Automated Data Quality checking Part 2
As mentioned in my previous article about the automated data quality checking in a Bi environment, I recently encountered the need to compare quite a number of sources with various restrictions / filters, but with very similar queries.
In order to reduce the effort required to maintain and perform the comparisons, I decided to design a solution, which allowed the definition of highly parametrized queries (incl. source tables, column sets, etc.). These could be reused by simply setting the corresponding parameters.
Given the fact, that – except the already mentioned queries – various other settings and values had to be configured and stored, I defined a relational database model, which covered the whole configuration of the measuring process. This included tables for connections, queries, violation rules and - beside further other settings - the results of the performed checks. Additionally I created a small configuration tool which helped to maintain all Settings and their dependencies. First of all I maintained the connections for each environment which had to be considered during the comparisons. Then I continued by maintaining the queries (either in SQL or in MDX) and their parameters. With this done, I defined “measurements”, which represented the mapping between the defined queries and connections and which stored the required parameter values, such as source table, timespan or certain flags / statuses / events which had to be considered.

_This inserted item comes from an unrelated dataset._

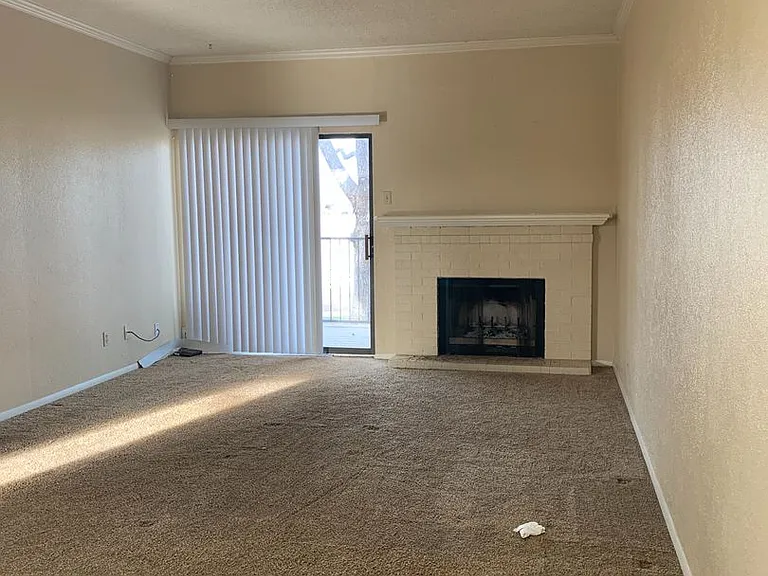 1020 Mockingbird Ln #D — Photo 2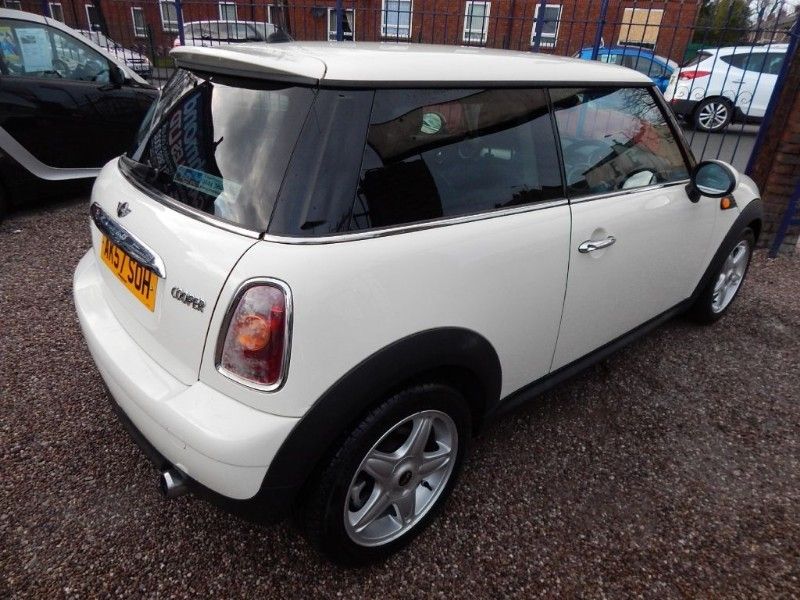 2007 MINI Hatch Cooper image 2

In the next step I maintained comparisons, either between two measurements or between a measurement and an expected value (e.g. average of previous month) and defined which deviations (absolute or relative) would still be acceptable and which would have to be considered as violation of a certain severity. In order to bundle comparisons which technically belonged together, I defined groups. Each group was assigned to a reporting cluster, which was later on used within one of the reports.
With this done, I defined an execution plan which held information about which group of comparisons had to be executed on which day of the week at which time of day.
So far so good – the basic configuration was completed. Now the comparison had to be executed. In order to do so, I created SSIS packages, which were called by a SQL Agent job (the job was executed every 30 minutes on each day of the week). At the beginning of the master package, all comparison groups were evaluated, which had to be executed at the current time. The evaluated group IDs were then passed to the corresponding child package, which evaluated the required queries, their parameters and connection strings and then executed the queries and stored the results in the corresponding table. After executing all measurements a procedure was called, which calculated and stored the differences between the defined measurements in the table as well. Finally another procedure was called which compared the calculated differences against the defined limits and - in case a violation occurred - evaluated the severity and updated the formerly created deviation record accordingly.
In order to have a quick overview of the results, I created two parameterized reports in SSRS. The first report was the high severity dashboard, which displayed the number of occurred violations of the highest severity, grouped by defined reporting cluster. Furthermore it included an overview of the number of occurrences in the past 31 days as well as a tendency line per reporting Cluster. The second report displayed all results of the comparisons in detail, grouped by severity. The order of the records within a severity group could individually be modified by maintaining priorities on certain comparisons. By defining a subscription on this report, I received this report at certain times of the day via mail. These subscriptions were parameterized as well, so I received the report only with the results of the last executed measuring Job.
These reports were of great help when it came to analysing missing or faulty data – and with the mails being sent automatically, the required information was available in time.